1. Explain briefly the following concepts.

A) Utility
B) Indifference curve
C) Law of diminishing marginal utility
D) Budget line
E) Consumer preference
F) Marginal rate of substitution

A) Utility: Utility refers to the satisfaction or enjoyment that a consumer derives from consuming a particular good or service. It is subjective and varies from person to person.

B) Indifference curve: An indifference curve represents different combinations of two goods that provide the consumer with the same level of satisfaction or utility. It shows the various choices available to a consumer while maintaining the same level of satisfaction.
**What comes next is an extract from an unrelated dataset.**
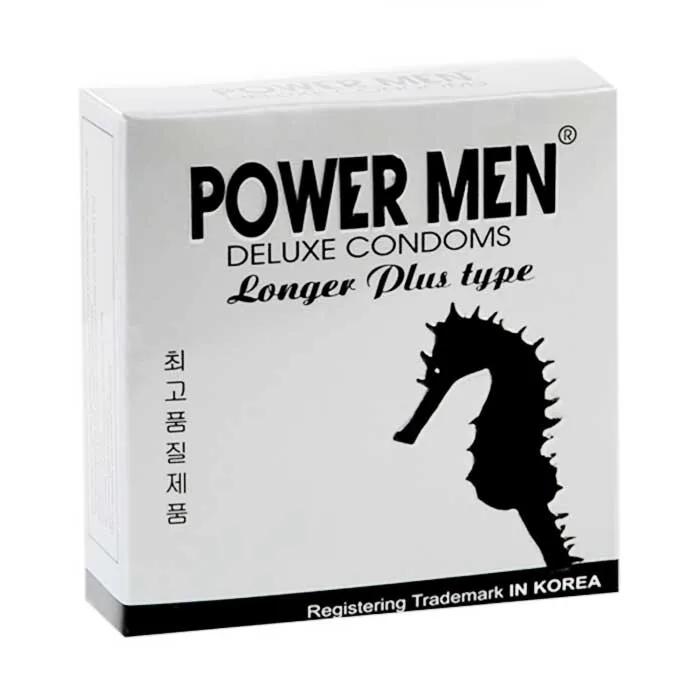Powermen Seahorse Textured Condom Long-Lasting Pleasure — photo 4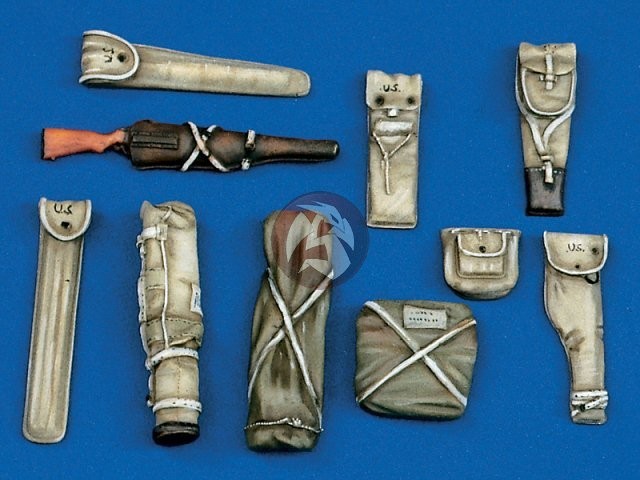 Unpainted 1/35 Resin Model US Bags and Packs for Vehicles 1497YY #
C) Law of diminishing marginal utility: According to the law of diminishing marginal utility, as a consumer consumes more and more units of a good or service, the additional satisfaction or utility derived from each additional unit decreases. In other words, the more you consume of a particular good, the less satisfaction or utility you get from consuming each additional unit.

D) Budget line: A budget line shows the different combinations of two goods that a consumer can afford given their income and the prices of the goods. It represents all the possible combinations that a consumer can purchase within their budget constraint.

E) Consumer preference: Consumer preference refers to the choices and priorities that a consumer has for different goods or services. It reflects the relative satisfaction or utility that a consumer derives from different combinations of goods.

F) Marginal rate of substitution: The marginal rate of substitution (MRS) represents the rate at which a consumer is willing to trade off one good for another while maintaining the same level of satisfaction. It measures the amount of one good a consumer is willing to give up to obtain an additional unit of another good. The MRS typically decreases as a consumer consumes more of a particular good.